How do people become addicted to the Internet?
To relieve unpleasant and overwhelming feelings
Whenever people hear I used to be a junkie, I almost invariably hear a variation of the following: "Never did hard drugs. Used to smoke cigarettes though. Which I hear is harder to quit than heroin." Like it's a pissing contest or something. No, no it's not. Quitting smoking is removing a splinter to kicking dope's Chlamydia test. To quote Jules, they ain't in the same fucking ballpark; they ain't even the same fucking sport.
Took me a while to figure out why people always say that, or why they will introduce some other element of having been addicted to something. There is no glamour, no glory in being addicted to anything, and being addicted to drugs is about as low as a man can sink. You do awful, awful things that you will be ashamed of for the rest of your life when you are an addict. You allow yourself to be humiliated and relegated to a second-class citizen, and will seriously do just about anything for a fix. There are great number of addiction stereotypes that aren't true, like you don't make any real friends while you are using, or you'll never have a high as good as your first. But that one is true. If you are one of the lucky/blessed ones to get clean, you will have a lifetime of memories to look back upon and cringe endlessly over.

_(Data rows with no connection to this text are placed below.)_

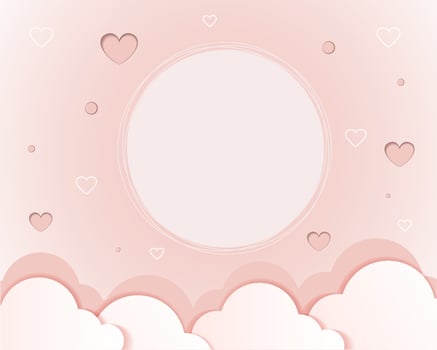 Delicate pink Valentine s Day background with hearts and clouds in paper cut style. Template for a card and space for an inscription. Vector. Postcard. Invitations. vector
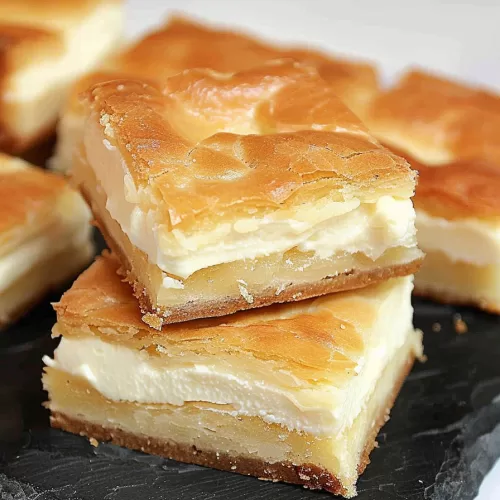 A plate of lemon cream cheese bars with a shiny glaze on top, arranged elegantly against a light marble background.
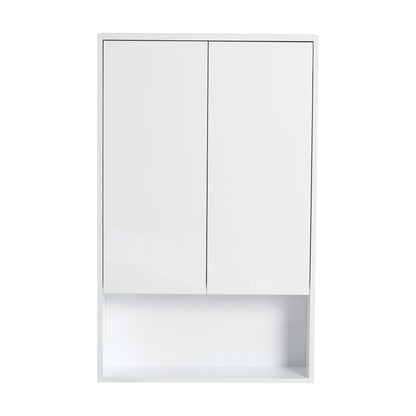 24" Bathroom Wall Cabinet, Soft Close Doors, Float Mounting Design,Glossy White,(KD-Packing)
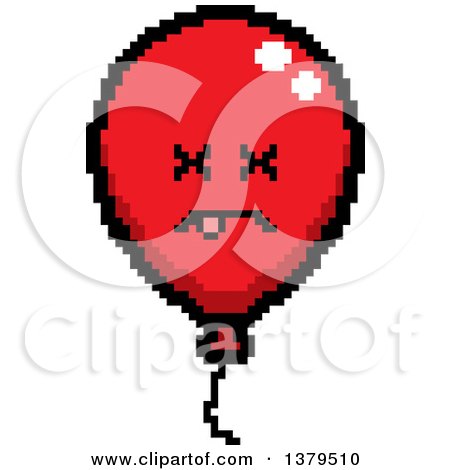 Clipart of a Dead Party Balloon Character in 8 Bit Style - Royalty Free Vector Illustration by Cory Thoman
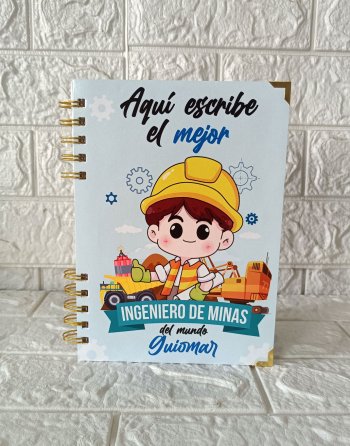 cuaderno o agenda personalizado de ingeniero de minas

So why is everyone in such as race to compare dick size? The word "junkie" gets dropped so casually, attached to everything from "pop culture" to "fashion." Way back I received some hate mail (http://tinyurl.com/3z9ny4w), and if you read that letter you'll infer the same twisted logic. I don't want to say "jealousy" because only a brain-dead turd could possibly envy someone giving handjobs for nickel backs behind the Gas 'n' Go, but it's not that far off.
When I hear about stuff like "Internet Addiction," I have the same reaction, as though there is pride in affliction ("Ooh, me too, me too!"). You can spend too much time online, sure, and if you look at those high risk categories, I am pleading fucking guilty, right down to the "moody teenager" defense. But "addicted"? It reminds me of Bob Saget at the AA meeting in Half Baked.
Some doctors say it's hard to define addiction. But I think the "I sucked a dick for it" is a pretty good barometer, whether figuratively or literally (and, no, I never got that bad. I was about...a...week...away).
That's probably enough for today. Besides I haven't checked my e-mail in seven minutes. And I might've missed that acceptance letter from Norton!